In this paper, we consider a new class of mixed initial value problems involving Hadamard derivative and Riemann-Liouville fractional integrals given by
$$ \left \{ \textstyle\begin{array}{@{}l} D^{\alpha} (x(t)-\sum_{i=1}^{m}I^{\beta _{i}}h_{i}(t,x(t)) )=g(t,x(t),Kx(t)),\quad t\in J:=[1,T],\\ x(1)=0, \end{array}\displaystyle \right . $$
(1.1)
where \(D^{\alpha}\) denotes the Hadamard fractional derivative of order α, \(0<\alpha\leq1\), \(I^{\phi}\) is the Riemann-Liouville fractional integral of order \(\phi>0\), \(\phi\in\{\beta_{1},\beta_{2},\ldots,\beta_{m}\}\), \(g\in C(J\times \mathbb{R}^{2}, \mathbb{R})\), \(h_{i}\in C(J\times\mathbb{R}, \mathbb{R})\) with \(h(1,0)=0\), \(i=1,2,\ldots,m\), and \(Kx(t)=\int_{1}^{t}\varphi(t,s)x(s)\,ds\), \(\varphi(t,s)\in C(J^{2},\mathbb{R})\) with \(\varphi_{0}=\sup\{|\varphi(t,s)| ; (t,s)\in J\times J\}\).

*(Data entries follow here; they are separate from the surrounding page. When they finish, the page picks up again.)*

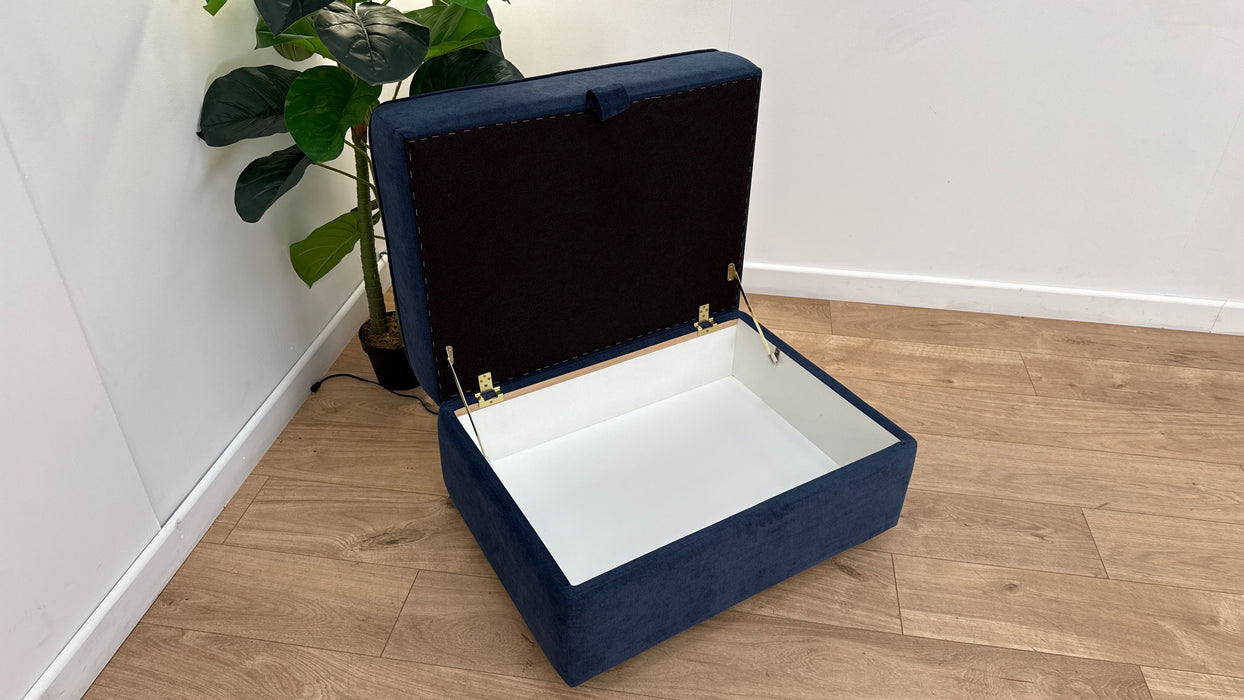 DFS Orka Fabric Footstool in Denim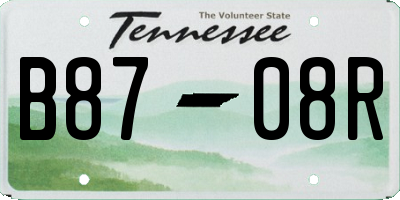 TN license plate B8708R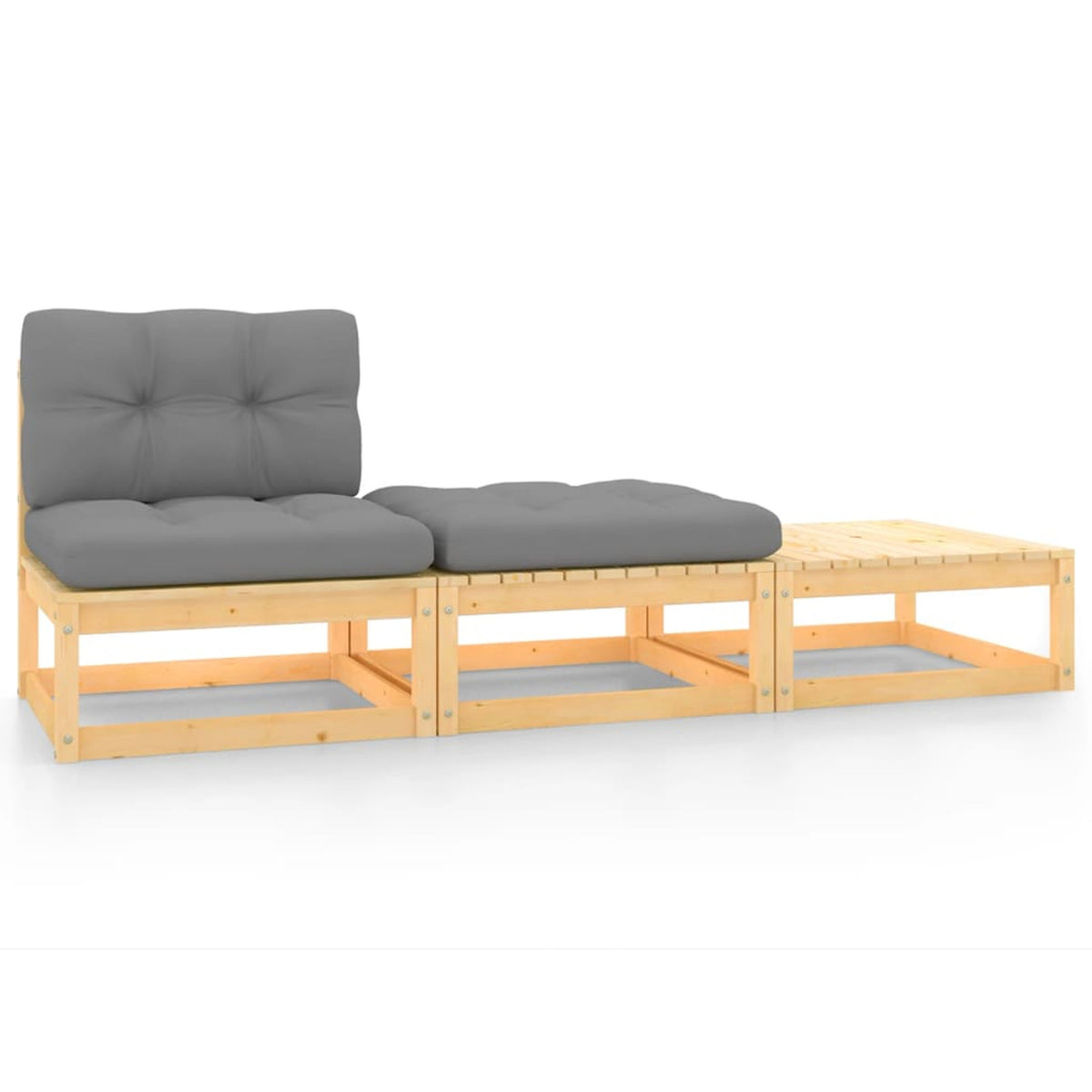 3 Piece Patio Lounge Set with Gray Cushions Middle Sofa and 2 Footstool Outdoor Sectional Sofa Set U455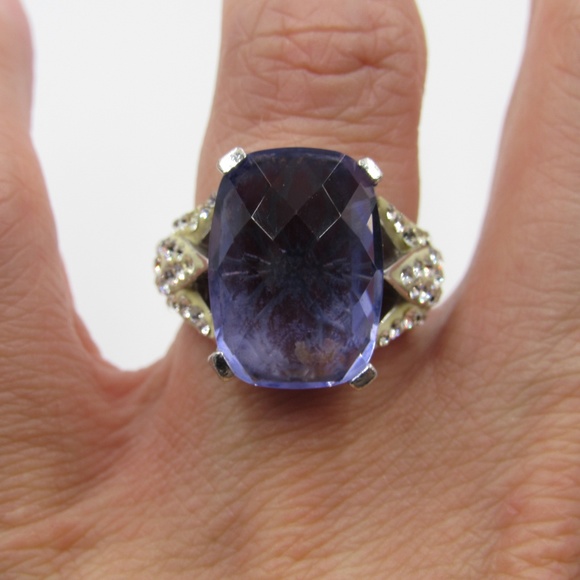 Vintage Size 7 Sterling Large Purple Glass Ring - Picture 4 of 8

Existence as well existence and uniqueness results are proved for the initial value problem (1.1) by using Krasnoselskii’s fixed point theorem, Banach’s fixed point theorem, and Leray-Schauder nonlinear alternative. We emphasize that the results obtained in the given setting are new and contribute significantly to the existing literature on Hadamard type fractional differential equations. The paper concludes with illustrative examples.

2 Preliminaries

In this section, we introduce some notations and definitions of fractional calculus [1, 2] and present a lemma needed for the proof of our main results.

Definition 2.1

([2])

The Hadamard derivative of fractional order q for a function \(g: [1, \infty) \to\mathbb{R}\) is defined as
$$D^{q} g(t)=\frac{1}{\Gamma(n-q)} \biggl(t\frac{d}{dt} \biggr)^{n}\int_{1}^{t} \biggl(\log \frac{t}{s} \biggr)^{n-q-1}\frac{g(s)}{s}\,ds, \quad n-1 < q < n, n=[q]+1, $$
where \([q]\) denotes the integer part of the real number q and \(\log(\cdot) =\log_{e} (\cdot)\).

Definition 2.2

([2])

The Hadamard fractional integral of order q for a function g is defined as
$$I^{q} g(t)=\frac{1}{\Gamma(q)}\int_{1}^{t} \biggl(\log\frac{t}{s} \biggr)^{q-1}\frac{g(s)}{s}\,ds, \quad q>0, $$
provided the integral exists.

Definition 2.3

The Riemann-Liouville fractional integral of order \(p > 0\) of a continuous function \(f:(0,\infty)\rightarrow \mathbb{R}\) is defined by
$$I^{p} f(t)=\frac{1}{\Gamma(p)}\int_{1}^{t}(t-s)^{p-1}f(s) \,ds, $$
provided the right-hand side is point-wise defined on \((1,\infty)\).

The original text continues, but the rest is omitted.